3. The photon packet weights are updated to account for the light absorbed during the step.
4. The photon packets are scattered after traveling the initial step, and new direcitons are sampled from the phase function, which is the angular distribution of the scattered intensity [3].
5. The step size is then sampled again and the process of scattering and stepping is repeated many times as specified by the user.
6. After the simulation is completed, a reflectance is calculated by counting the photon packets that exit the sample in the backscattering hemisphere. 

##### Calculating Reflectance

Each simulation sends in a user-specified number of photon packets at the surface of the sample film. To calculate the reflectance, the number of photon packets that exits the sample through the backscattering hemisphere is divided by the total number of photon packets sent into the sample.

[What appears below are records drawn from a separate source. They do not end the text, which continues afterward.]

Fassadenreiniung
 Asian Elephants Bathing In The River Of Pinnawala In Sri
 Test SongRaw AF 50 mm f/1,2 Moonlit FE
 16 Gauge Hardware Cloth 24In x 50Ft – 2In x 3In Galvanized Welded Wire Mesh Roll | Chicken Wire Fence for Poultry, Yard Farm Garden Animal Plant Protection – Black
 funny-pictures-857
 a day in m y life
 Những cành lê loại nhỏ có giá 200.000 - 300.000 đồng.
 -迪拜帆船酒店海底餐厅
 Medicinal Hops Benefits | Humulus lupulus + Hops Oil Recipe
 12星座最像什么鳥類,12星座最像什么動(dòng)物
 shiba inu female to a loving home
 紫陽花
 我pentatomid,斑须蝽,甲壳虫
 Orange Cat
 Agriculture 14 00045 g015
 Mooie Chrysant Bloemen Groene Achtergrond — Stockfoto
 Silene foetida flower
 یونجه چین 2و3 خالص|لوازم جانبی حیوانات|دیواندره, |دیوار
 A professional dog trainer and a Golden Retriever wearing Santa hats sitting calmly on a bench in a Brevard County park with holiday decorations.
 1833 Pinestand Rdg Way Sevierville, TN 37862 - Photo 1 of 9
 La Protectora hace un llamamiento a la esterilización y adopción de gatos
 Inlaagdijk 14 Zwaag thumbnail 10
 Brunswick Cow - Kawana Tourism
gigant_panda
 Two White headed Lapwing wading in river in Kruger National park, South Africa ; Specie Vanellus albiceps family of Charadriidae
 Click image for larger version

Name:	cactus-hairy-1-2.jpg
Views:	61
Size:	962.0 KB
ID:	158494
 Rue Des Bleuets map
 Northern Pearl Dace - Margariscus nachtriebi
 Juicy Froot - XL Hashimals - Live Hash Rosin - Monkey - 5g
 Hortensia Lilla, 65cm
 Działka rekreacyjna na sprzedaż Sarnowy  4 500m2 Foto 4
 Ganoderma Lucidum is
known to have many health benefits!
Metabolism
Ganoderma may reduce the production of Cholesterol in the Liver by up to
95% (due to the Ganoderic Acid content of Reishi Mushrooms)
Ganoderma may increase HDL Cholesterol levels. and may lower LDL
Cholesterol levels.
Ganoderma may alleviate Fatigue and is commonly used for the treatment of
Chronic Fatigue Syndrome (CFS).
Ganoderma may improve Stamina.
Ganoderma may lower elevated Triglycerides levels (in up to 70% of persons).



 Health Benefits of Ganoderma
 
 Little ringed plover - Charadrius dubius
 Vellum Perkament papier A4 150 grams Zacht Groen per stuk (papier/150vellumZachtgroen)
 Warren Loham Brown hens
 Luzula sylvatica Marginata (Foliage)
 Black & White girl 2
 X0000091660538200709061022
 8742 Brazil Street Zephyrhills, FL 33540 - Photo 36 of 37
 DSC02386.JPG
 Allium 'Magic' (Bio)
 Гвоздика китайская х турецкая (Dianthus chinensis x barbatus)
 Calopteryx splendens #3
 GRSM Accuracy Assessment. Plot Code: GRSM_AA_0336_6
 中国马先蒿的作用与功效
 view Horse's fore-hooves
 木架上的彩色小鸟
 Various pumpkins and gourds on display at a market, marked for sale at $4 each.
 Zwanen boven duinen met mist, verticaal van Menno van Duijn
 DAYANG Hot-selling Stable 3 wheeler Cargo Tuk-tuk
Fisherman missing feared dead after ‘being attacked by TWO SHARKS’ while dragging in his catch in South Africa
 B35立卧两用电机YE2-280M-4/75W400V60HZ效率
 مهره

A sample consists of a film of a set thickness. The code also accounts for reflections due to the index contrast at the interface using the Fresnel equations, but only at the first air-sample interface. Refraction of the backscattered light exiting the sample is calculated using Snell's law, so that the angle of photons exiting the sample can be tracked in case the user is only interested in collecting a certain angle range of light. 

### Generative model
The generative model involves corrections on the reflectance spectrum produced by the calculations in the structural-color package (see above).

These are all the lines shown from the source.